Image-caption web data
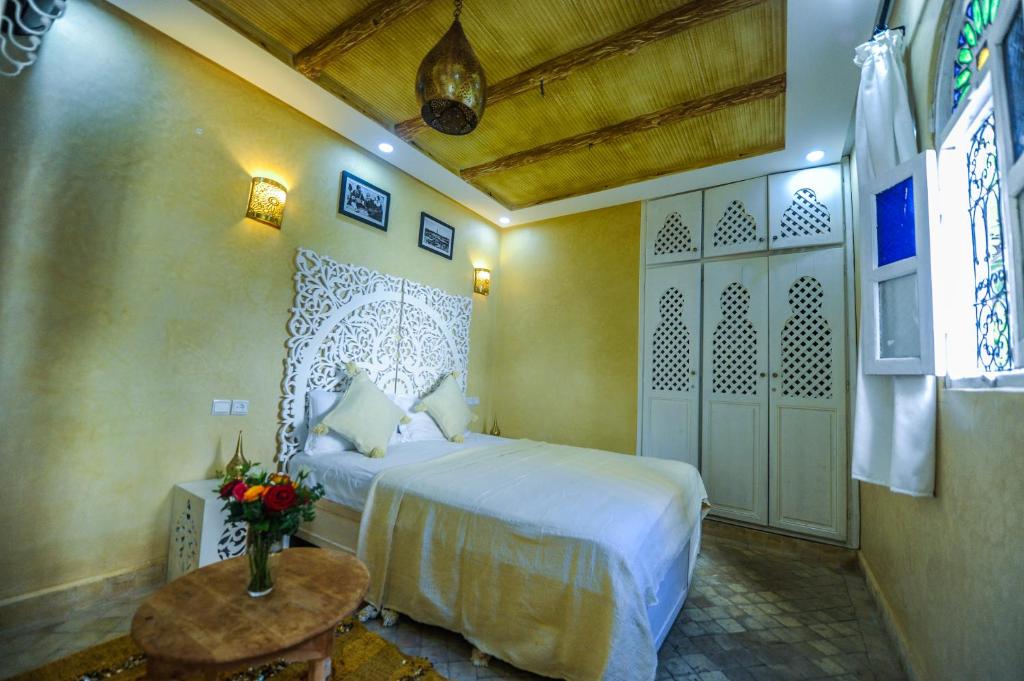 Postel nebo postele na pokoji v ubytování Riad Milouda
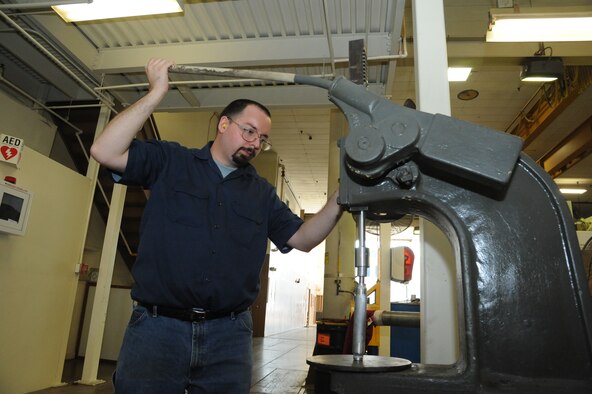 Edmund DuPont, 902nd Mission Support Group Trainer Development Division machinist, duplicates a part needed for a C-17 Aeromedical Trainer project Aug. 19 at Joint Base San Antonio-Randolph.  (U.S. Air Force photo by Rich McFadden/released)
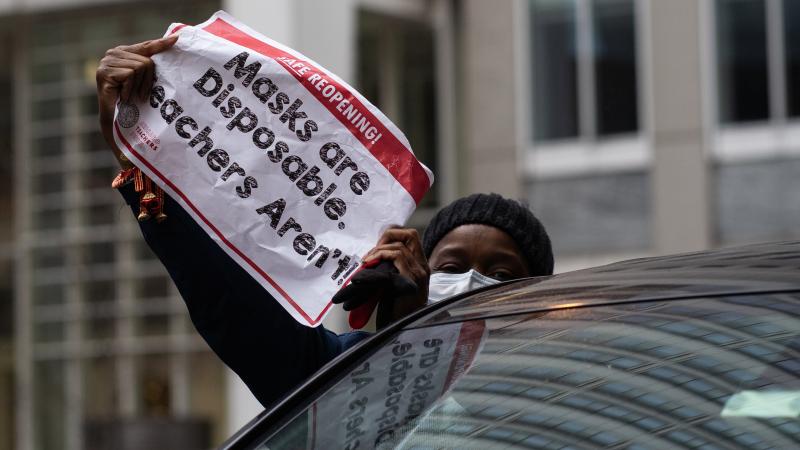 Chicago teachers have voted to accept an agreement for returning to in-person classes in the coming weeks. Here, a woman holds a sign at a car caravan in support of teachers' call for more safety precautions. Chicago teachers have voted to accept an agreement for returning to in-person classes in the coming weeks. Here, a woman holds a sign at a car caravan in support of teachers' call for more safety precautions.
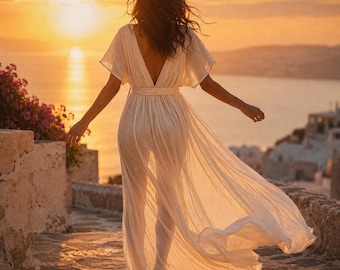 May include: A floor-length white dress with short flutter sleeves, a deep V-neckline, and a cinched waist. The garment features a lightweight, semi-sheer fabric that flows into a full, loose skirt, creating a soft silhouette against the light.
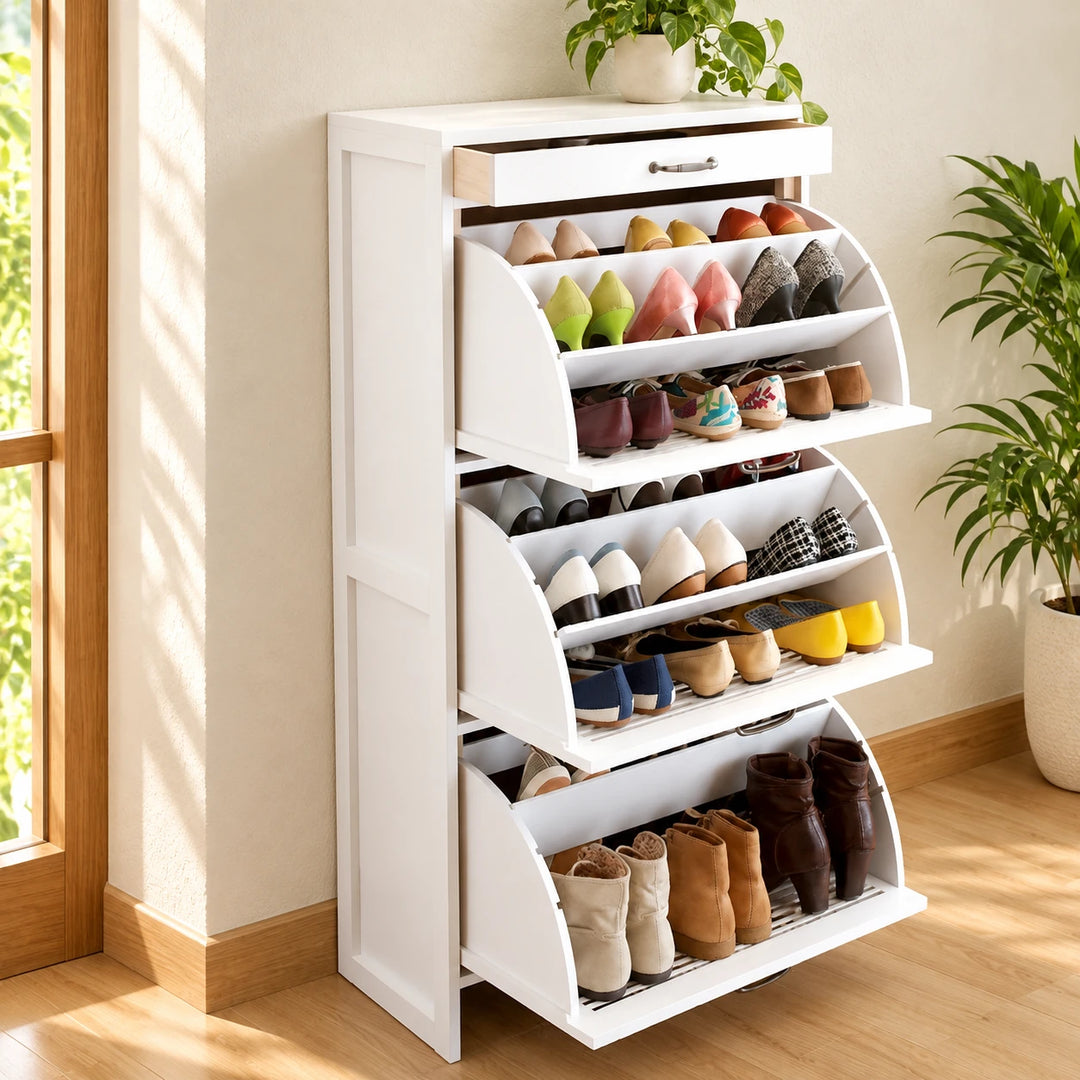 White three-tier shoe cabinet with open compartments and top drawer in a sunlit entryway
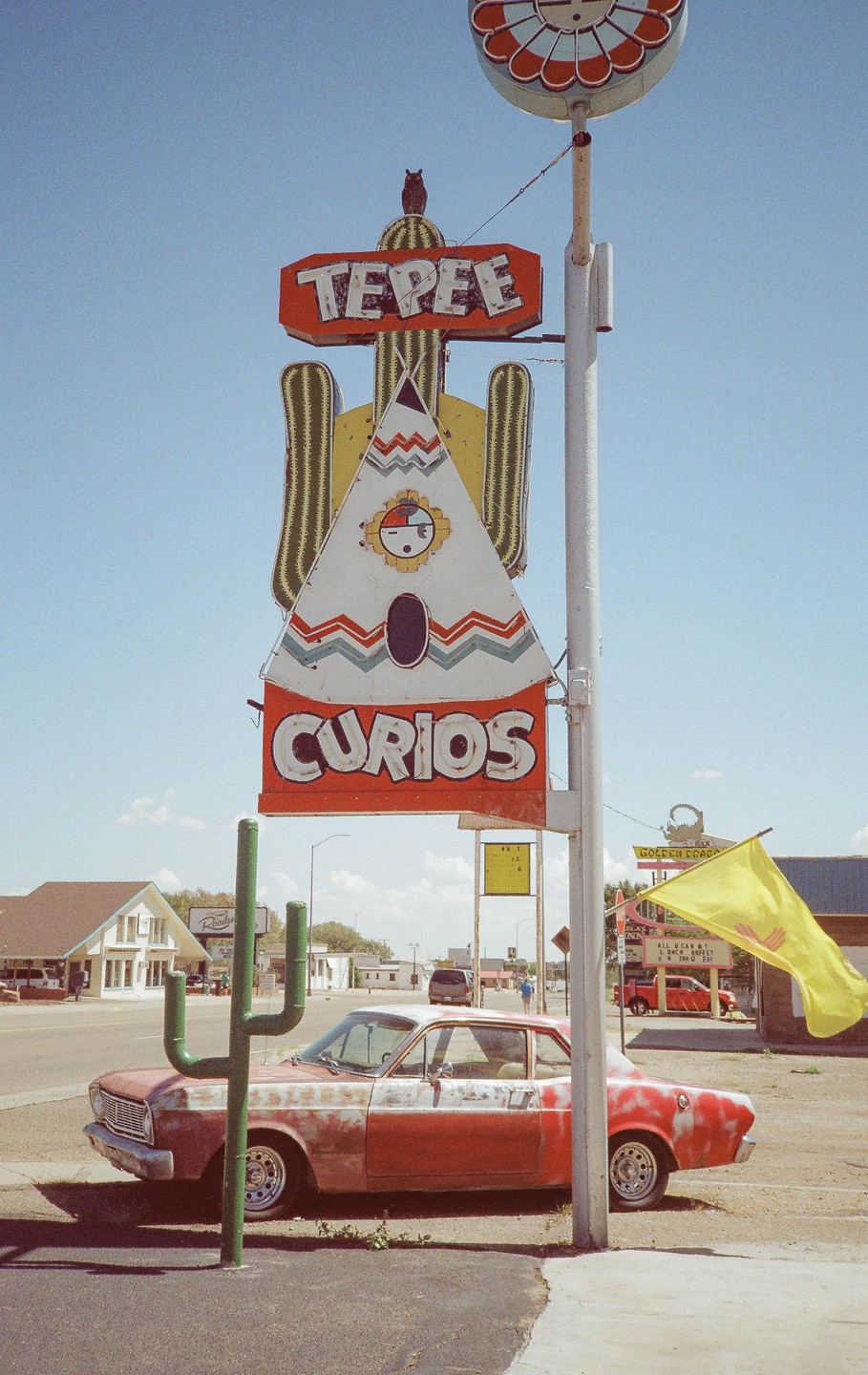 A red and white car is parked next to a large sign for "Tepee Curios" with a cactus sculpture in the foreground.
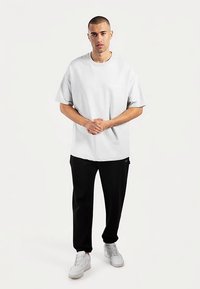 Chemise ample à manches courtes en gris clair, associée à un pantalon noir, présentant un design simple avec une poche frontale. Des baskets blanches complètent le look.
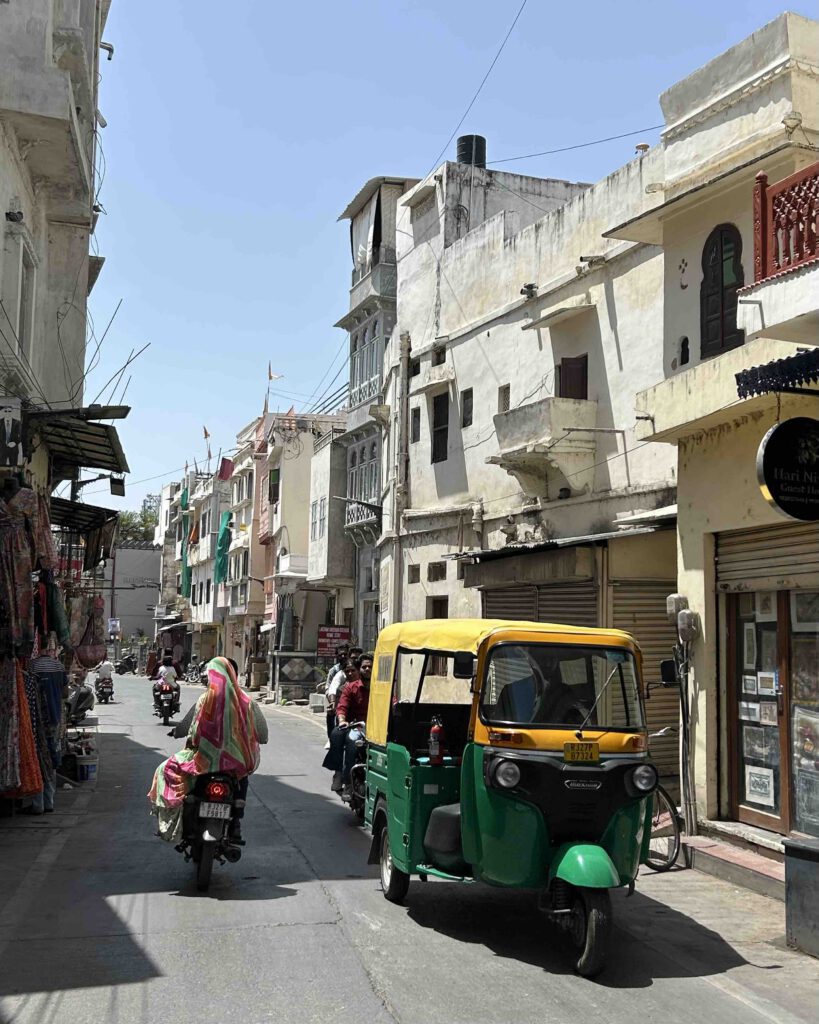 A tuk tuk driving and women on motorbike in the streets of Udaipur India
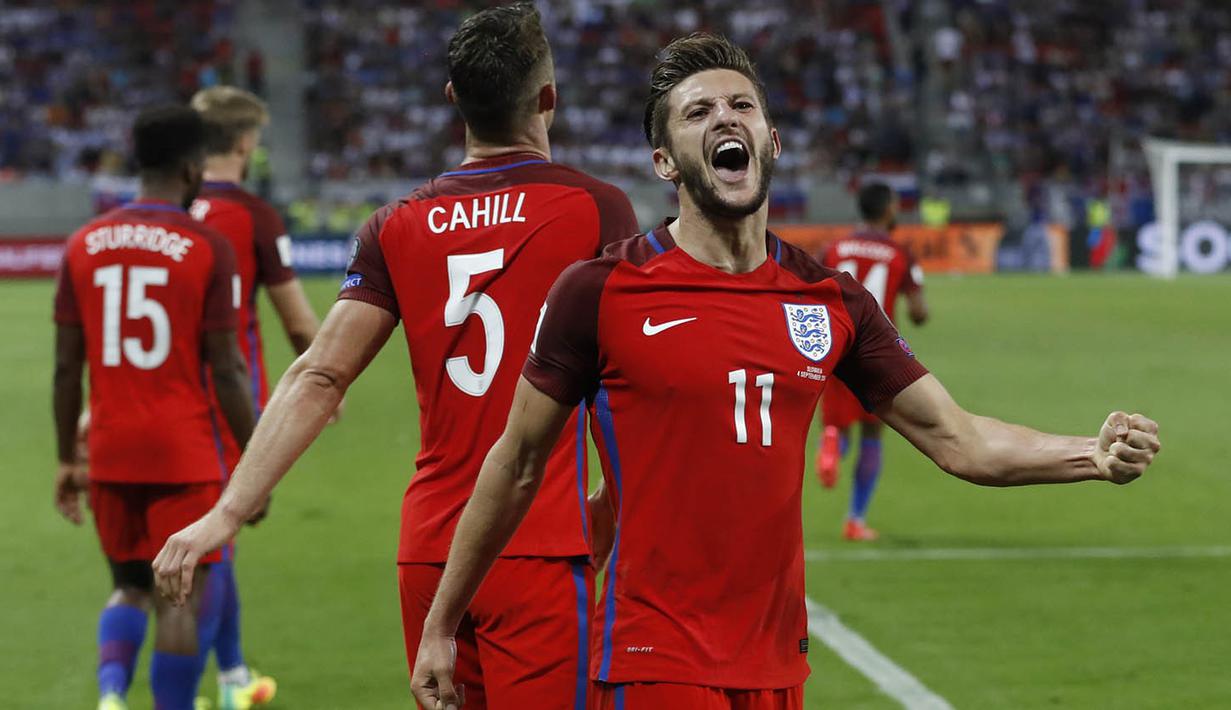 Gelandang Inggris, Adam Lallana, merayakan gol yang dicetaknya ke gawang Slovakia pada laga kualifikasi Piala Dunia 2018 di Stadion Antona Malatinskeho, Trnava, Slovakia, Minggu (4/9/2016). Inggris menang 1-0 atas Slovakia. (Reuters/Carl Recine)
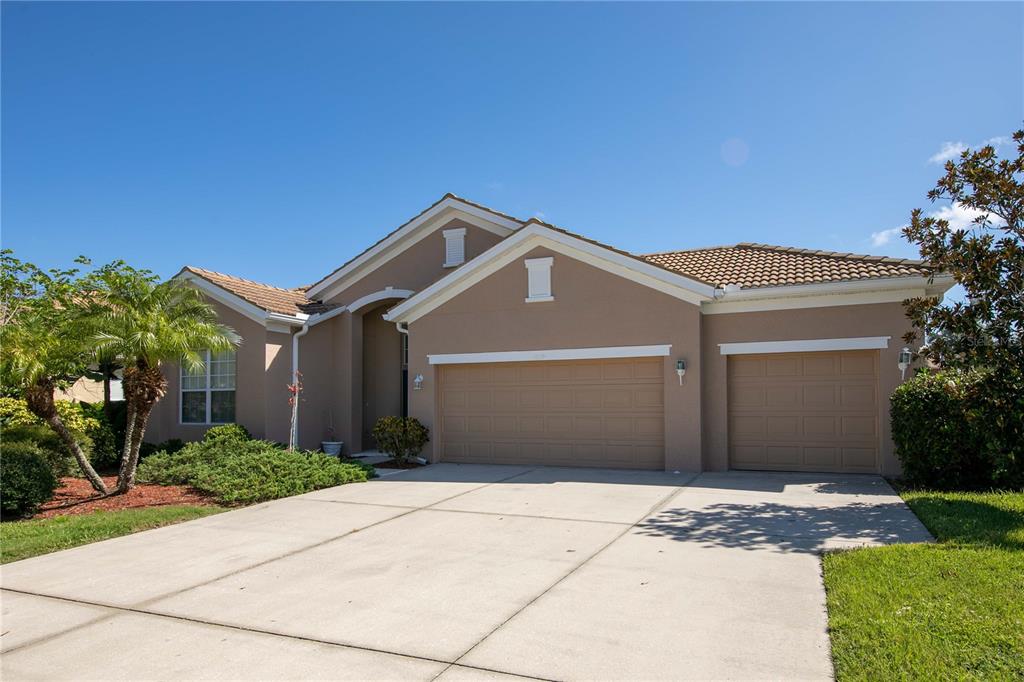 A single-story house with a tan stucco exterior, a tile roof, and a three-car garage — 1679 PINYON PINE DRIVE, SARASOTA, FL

■ Work instructions ■
Would you give the data above again word for word, minus the pictures?

■ Worked solution ■
 Postel nebo postele na pokoji v ubytování Riad Milouda
 Edmund DuPont, 902nd Mission Support Group Trainer Development Division machinist, duplicates a part needed for a C-17 Aeromedical Trainer project Aug. 19 at Joint Base San Antonio-Randolph.  (U.S. Air Force photo by Rich McFadden/released)
 Chicago teachers have voted to accept an agreement for returning to in-person classes in the coming weeks. Here, a woman holds a sign at a car caravan in support of teachers' call for more safety precautions. Chicago teachers have voted to accept an agreement for returning to in-person classes in the coming weeks. Here, a woman holds a sign at a car caravan in support of teachers' call for more safety precautions.
 May include: A floor-length white dress with short flutter sleeves, a deep V-neckline, and a cinched waist. The garment features a lightweight, semi-sheer fabric that flows into a full, loose skirt, creating a soft silhouette against the light.
 White three-tier shoe cabinet with open compartments and top drawer in a sunlit entryway
 A red and white car is parked next to a large sign for "Tepee Curios" with a cactus sculpture in the foreground.
 Chemise ample à manches courtes en gris clair, associée à un pantalon noir, présentant un design simple avec une poche frontale. Des baskets blanches complètent le look.
 A tuk tuk driving and women on motorbike in the streets of Udaipur India
 Gelandang Inggris, Adam Lallana, merayakan gol yang dicetaknya ke gawang Slovakia pada laga kualifikasi Piala Dunia 2018 di Stadion Antona Malatinskeho, Trnava, Slovakia, Minggu (4/9/2016). Inggris menang 1-0 atas Slovakia. (Reuters/Carl Recine)
 A single-story house with a tan stucco exterior, a tile roof, and a three-car garage — 1679 PINYON PINE DRIVE, SARASOTA, FL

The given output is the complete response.